About the Trading Post
Jeannette and Harry Ayer moved to Mille Lacs in 1918 where they applied for and recieved a license by the Bureau of Indian Affairs to trade with the Indians at Vinelend. In 1920 the Ayers built a store on the present location of the museum and trading post. (Pictured at right: Indian Trading Post, Mille Lacs, 1920.) Initially the Trading Post was operated as a general store, selling both food and non-food staples such as gasoline, cloth and sewing supplies. In the late 1920s the Ayers also added rental cottages, a dining room, a boat-building business and started guiding fishing expeditions.

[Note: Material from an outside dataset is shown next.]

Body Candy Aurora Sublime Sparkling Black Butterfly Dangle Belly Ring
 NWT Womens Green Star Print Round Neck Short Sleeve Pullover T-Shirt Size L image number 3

The Ayers employed a number of local band members. In 1923 when the boat-building business began, 18 Indian men were working for the Ayers. The Trading Post and the additional businesses were a major part of the Mille Lacs economy and community. (Pictured at left: Interior of Trading Post, showing Ojibwe and other Indian crafts for sale, 1935.) By the 1940s, the later businesses were dissolved and the Trading Post changed it's merchandising plan. Capitalizing on the opportunity to acquire local Ojibwe craftworks and their location near Minnesota's Scenic Highway (now Hwy. 169) the Ayers prospered by selling American Indian arts and crafts from throughout the United States. During this time, the Ayers kept a display of their personal collection of Indian-made objects in the back room of the store. In the late 1950s they built a cinder-block museum to house the collection. In 1959 the Ayers retired and donated the collection, buildings and land to the Minnesota Historical Society. In August 1960 the state opened the first Mille Lacs Indian Museum. In 1996 a new museum and restored Trading Post opened. Changes to the Trading Post included reinstalling the original south porch entrance, installing new windows to match historic locations, and returning original interior finishes. Outside, signs and gas pumps recreate the 1930s roadside tourist stop.

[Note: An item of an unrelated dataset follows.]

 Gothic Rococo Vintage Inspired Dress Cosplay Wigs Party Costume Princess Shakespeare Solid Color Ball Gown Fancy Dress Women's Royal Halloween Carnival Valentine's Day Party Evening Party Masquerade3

A small exhibit area is located in the front of the Trading Post's sales room floor that tells the history of the site and the original owners. Inside, visitors can shop for the region's finest handmade authentic American Indian products like porcupine quill baskets and birch bark products as well as Pendleton blankets, dream catchers, jewelry, books, music, wild rice and maple syrup. Contemporary artwork from some of the areas premiere artists are also available.
Artists in Residence programs and Indian Art Markets and traveling exhibits offer visitors an opportunity to learn more about the techniques and materials used in various art forms today. (Pictured at right: Indian crafts such as moccasins are available today at the Mille Lacs Trading Post.)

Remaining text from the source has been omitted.